What This Chapter Is About
Solomon son of David secures his throne and goes to the great high place at Gibeon, where the Tent of Meeting and the bronze altar of Bezalel stand. There he offers a thousand burnt offerings. That night God appears to him and says, 'Ask what I should give you.' Solomon asks for wisdom and knowledge to govern this vast people. God, pleased that Solomon did not ask for wealth, long life, or the death of his enemies, grants him both wisdom and unprecedented riches and honor. Solomon returns to Jerusalem and accumulates chariots, horses, silver, and gold on an extraordinary scale, making silver as common as stones and cedars as plentiful as sycamores.

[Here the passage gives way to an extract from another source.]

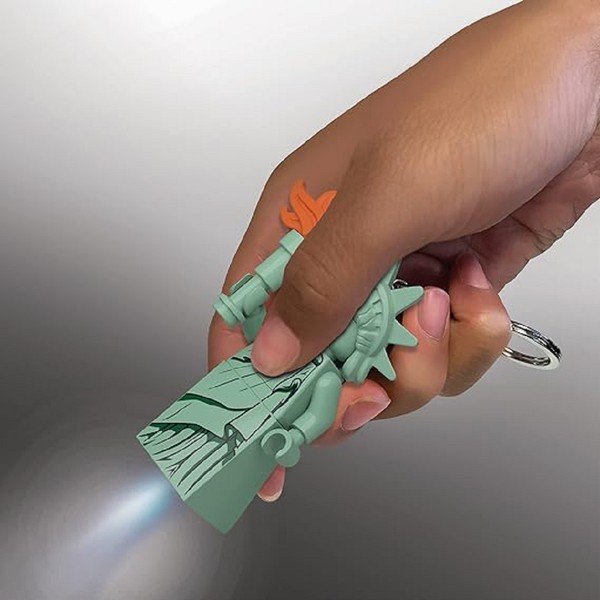 Zelená kľúčenka so svietidlom Statue of Liberty – LEGO®-image-1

What Makes This Chapter Remarkable
The Chronicler's version of Solomon's accession differs significantly from 1 Kings 3. There is no mention of Solomon's marriage to Pharaoh's daughter, no dream sequence, and no test case of the two mothers. The Chronicler strips away anything that could cast a shadow over Solomon's legitimacy and presents a king whose first act is worship and whose first request is wisdom. The question 'Ask what I should give you' (she'al mah etten lakh) echoes God's blank-check offer to David (2 Samuel 7) and anticipates Jesus's teaching 'Ask and it will be given' (Matthew 7:7). Solomon's answer reveals a king who understands that governing the people of God is a task beyond human capacity — the phrase 'who can govern this people of yours, which is so great?' acknowledges that Israel belongs to God, not to Solomon.
Translation Friction
The Chronicler's silence about Solomon's Egyptian marriage and political consolidation (the executions of Adonijah, Joab, and Shimei in 1 Kings 2) creates a deliberately idealized portrait. This is not accidental omission but theological editing: the Chronicler is constructing Solomon as the ideal Temple-builder, and anything that complicates that portrait is set aside. The horses and chariots from Egypt (v. 16-17) sit in uneasy tension with Deuteronomy 17:16, which forbids the king from multiplying horses or returning the people to Egypt to acquire them. The Chronicler reports this trade without comment.
Connections
Solomon at Gibeon connects to the tabernacle tradition — the Tent of Meeting and Bezalel's bronze altar (Exodus 38:1-2) are still in use, bridging the wilderness period to the Temple age. Solomon's wisdom request parallels Moses's complaint about the burden of leading Israel (Numbers 11:14) but with a different outcome: Moses receives seventy elders to share the load, while Solomon receives divine wisdom to carry it alone. The accumulation of silver and gold anticipates the Temple construction (chapters 2-4) — the wealth is not for Solomon's personal indulgence but for the house he is about to build.